Apart from slight hypertrophy and hyperplasia of goblet cells in two males none of the control animals showed histopathological nasal changes.

The histopathological changes observed in the other organs examined are common findings in the strain of rats used. These lesions were about equally distributed amongst control and test groups, or occurred only in a single animal. Therefore, they are not considered to be related to the exposure to the test substance.

Effect levels

open allclose all

Target system / organ toxicity

Any other information on results incl. tables

Analytical results:

Mean daily actual concentrations turned out to be 145 (± 2), 603 (± 2) and 2451 (± 21) mg/m³. Between brackets the standard error of the mean (SEM) is given. The nominal concentrations were 138, 569, and 2092 mg/m³, which is slightly lower than the actual concentrations. The nominal concentration is calculated from the use of test material during exposure and the volume of air passed through the inhalation chamber. The determination of the volume of air through the chambers, however, is not very exact. This might be an explanation for the differences between the nominal and actual concentrations. Occasionally, the nebulizers did not work well during a short period, resulting in low mean daily concentrations with a high SEM.

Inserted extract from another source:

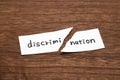 The paper written as discrimination is torn on wood. Concept of abolition of discrimination.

Applicant's summary and conclusion

Conclusions:

In a sub-acute inhalation toxicity study, Ethyl (S)-lactate (99.8% purity) showed no effects on condition, health and behaviour. The most prominent finding consisted of histopathological changes to the lining epithelium of the nasal cavity of rats. Based on the results, the NOAEC (local) for rats is considered to be < 150 mg/m³ and as no clear systemic effects were noted, the NOAEC (systemic) for rats is considered to be 2500 mg/m³.

Executive summary:

In a sub-acute inhalation toxicity study ethyl lactate was administered to 5 male and 5 female Wistar derived rats/concentration by whole body exposure at concentrations of 0, 1.5, 0.6 and 2.5 mg/L (0, 150, 600 and 2500 mg/m³) for 6 hours per day, 5 days/week for a total of 28 days.

The exposure to ethyl lactate resulted in concentration-related adverse effects in the nose of all test groups and in growth retardation and decreased food consumption in rats exposed to 2500 mg ethyl lactate/ m³ air. Growth retardation might be explained by the impaired ability to smell and taste as a result of severe damage to the olfactory epithelium. The increased blood glucose value in males exposed to 2500 mg/m³ is considered an isolated finding unrelated to treatment. Further all observed effects can be explained from the reduced food intake and subsequent growth retardation. It was concluded that the NOEC (local) was lower than 150 mg/m³ and the NOEC (systemic) is considered to be 2500 mg/m³.

This sub-acute toxicity study in the rat is acceptable and satisfies the guideline requirement (OECD 412) for a sub-acute inhalation study in the rat.